### DIRECTIONS FOR THIS TASK
Give back the lines below verbatim, omitting all pictures.

---------- DATA EXTRACT

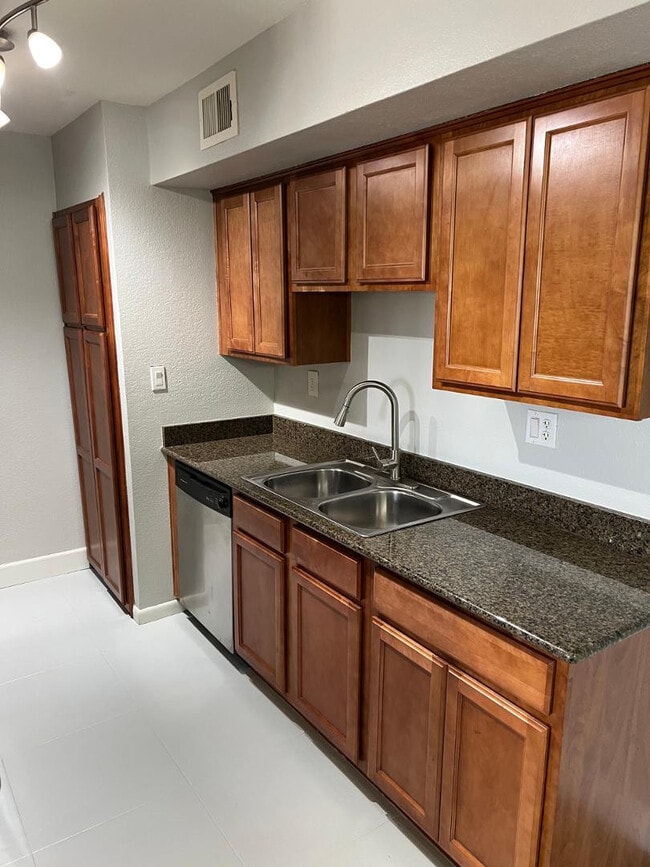 Building Photo - 5995 N 78th St Unit 2070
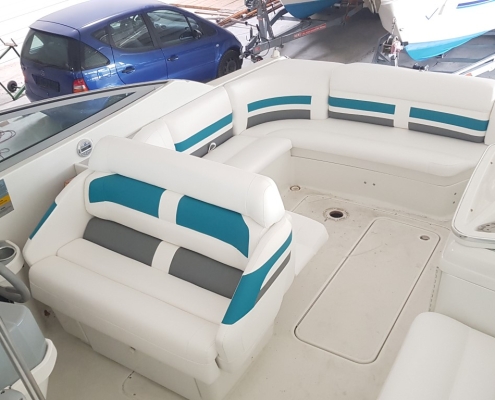 Polster Galerie 8 Sitzgruppe mit weiß-türkisen Polstern im Cockpit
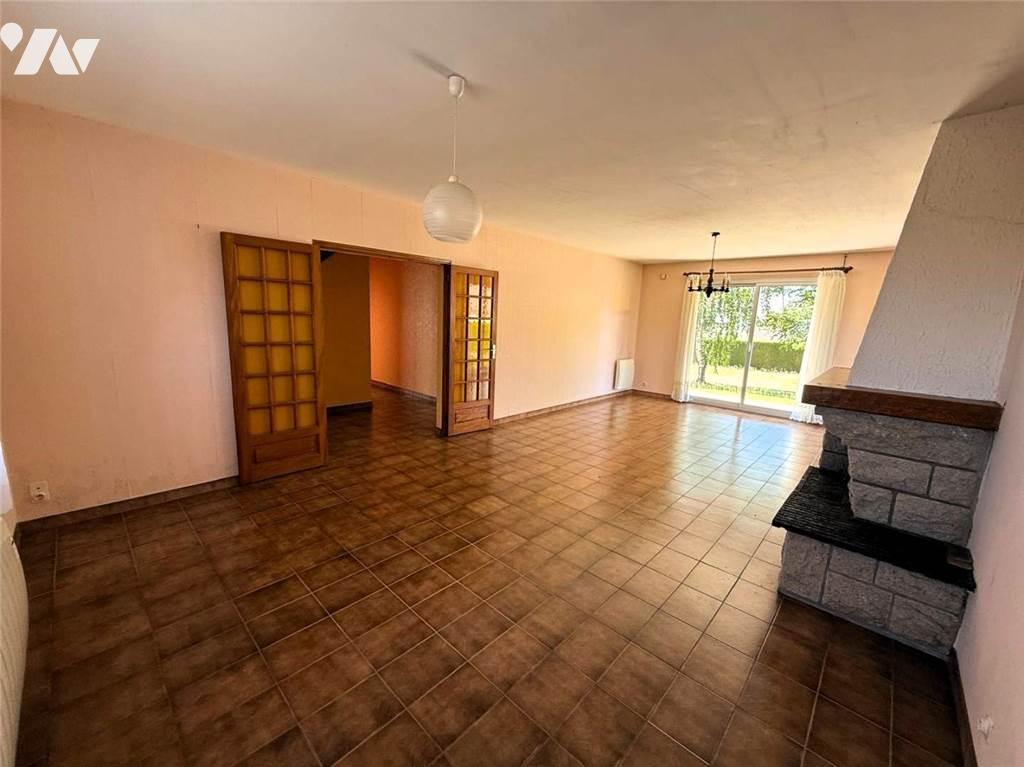 Maison 6 pièces 140 m² · à Brécé · 140 m² · 980 €/mois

--------------------

### RESULT
 Building Photo - 5995 N 78th St Unit 2070
 Polster Galerie 8 Sitzgruppe mit weiß-türkisen Polstern im Cockpit
 Maison 6 pièces 140 m² · à Brécé · 140 m² · 980 €/mois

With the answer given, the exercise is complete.